Unidentified's picture

The default should be to release the data. This is particularly true where commercial benefit is possible. If the public funded creation of the data than that data should not be given to entities for profit (they may use it, under the same public domain rules as everyone else). For publicly funded educational and research institutions, the use of partial private funding does not change the mandate to release (although 100% privately funded, including all overheads, research may remain private).
The release of data may be prevented if privacy or national security requires it, but this should be very rare and subject to court challenge.

Unidentified's picture

Couldn't have said it better than this.

R.b.'s picture

Mostly yes (and I voted so), but I imagine that one could find cases where full disclosure would not be the best option (e.g., data with privacy concerns).

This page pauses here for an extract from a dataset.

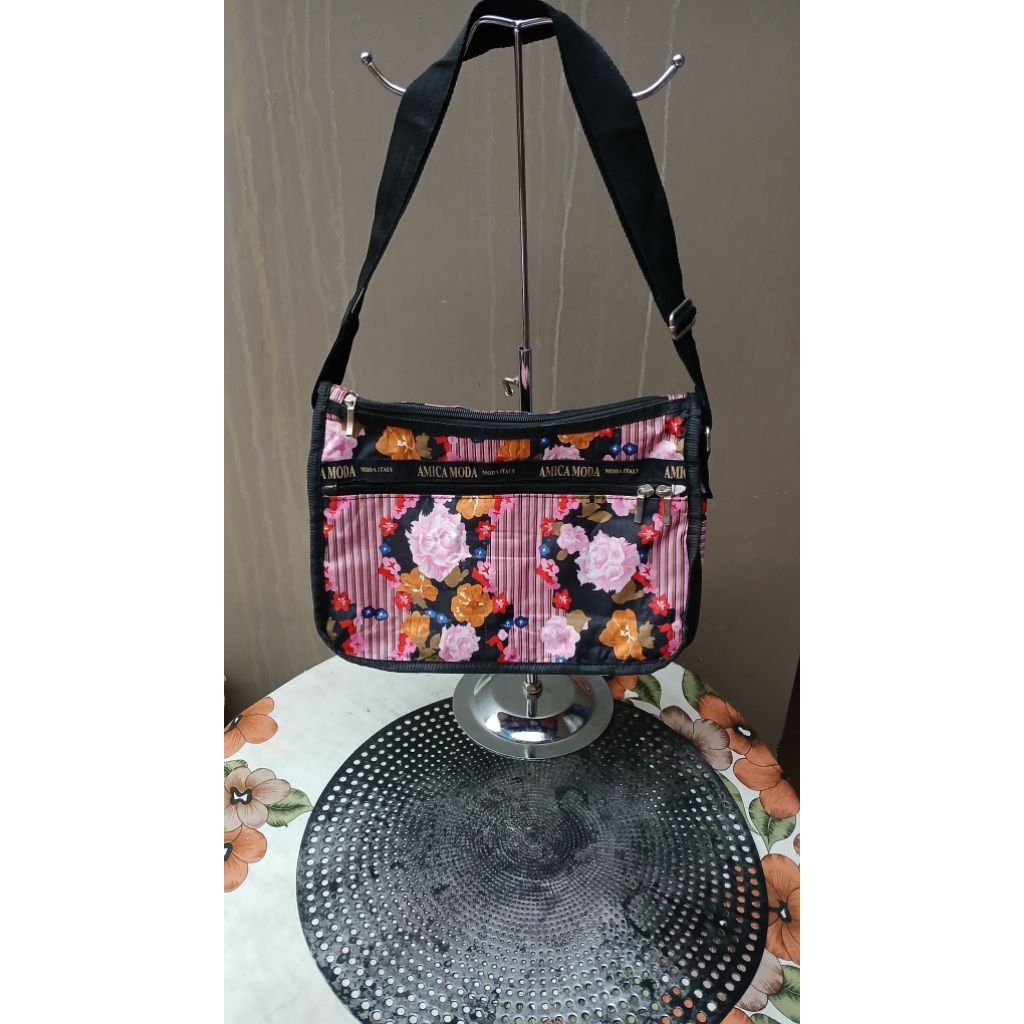 Tas selempang banyak ruang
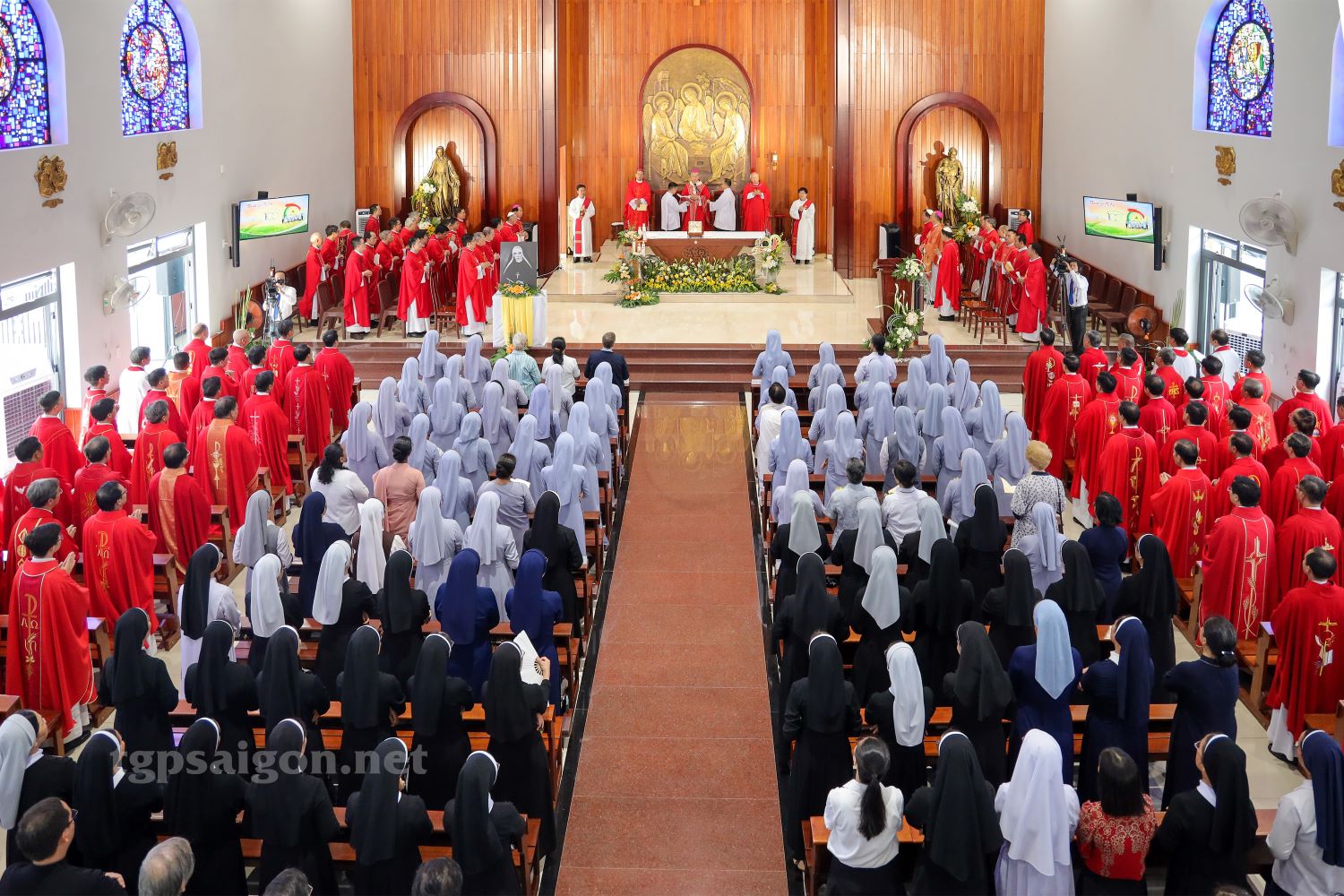 Dòng Đức Bà Truyền Giáo: Thánh lễ Bế mạc năm thánh - kỷ niệm 100 năm Dòng hiện diện tại Việt Nam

Especially if "not publicly available" means "secret for the economic benefit of some actor," then my opinion is that data should be accessible by anyone. Note that, for example, in European projects (if I remember correctly), there is not an obligation of making public the information and industrial partners can decide to keep it reserved.

jhibbets's picture

We talked a lot about the privacy aspects of this. Particularly around healthcare data for individuals, things like social security numbers, and even national security. I agree, if it's publicly funded, the data should be available. The next question is, should we force it to be published in open formats?


Julio Martinez's picture

If we (the citizenships) are the ones who elect the governments (give them the power to govern us), and we pay taxes so the govenrnments give a wise use then the least they must do is give us all the information of how and where that money and power is being used.

Jacob's picture

In most cases yes the information that comes from the public dollar should be available to the public. In all cases the public has a right to know what their money is being spent on. For example the Manhattan project that was mentioned earlier. I agree that the full knowledge that was gained from that shouldn't be made public. But the project it self should be public knowledge.

Unidentified's picture

Answer "It depends!" - what information classification and context are you talking of here? there are numerous cases where Justice and Health Sector data would not and should not be made available to the general public.

That said, the public does have a right to services that are shown to be adding VALUE to the citizen and are being measure and managed like a private entity would in a competitive market - from a holistic sector point of view, not just point agencies measuing their own successes (of lack thereof). This is where all the blocks fall down - no shared vision of the citizen value chain. If sector services are not measurable, are not proven to be citizen value added, and process / waste optimised with hard evidence of the fact, then I have realy problems with govt spending. Show us the data or make it available so the larger (social) population can model and help.

C Silver's picture

At one time, NIST, Fermi, CERN, and Livermore had accessible data tables for specific physical constants for individual elements. These constants, Brehmstrahlung, are essential shortcuts for research, but were removed from public access. Private research is thus considered public - thereby lumping all non-governmental enterprise into the "outsiders' category. A request for data must be accompanied by a full disclosure of purpose. What private research company would jeopardize potentially profitable intellectual product?
While these constants may be obtained by anyone with enough time and money to repeat the studies, it is not economically feasible for small companies to shoulder that expense.
The belief that data from public-funded research be made available seems a justifiable reaction to an overly zealous trend that could, by the same measure, consider the Periodic Table fair game.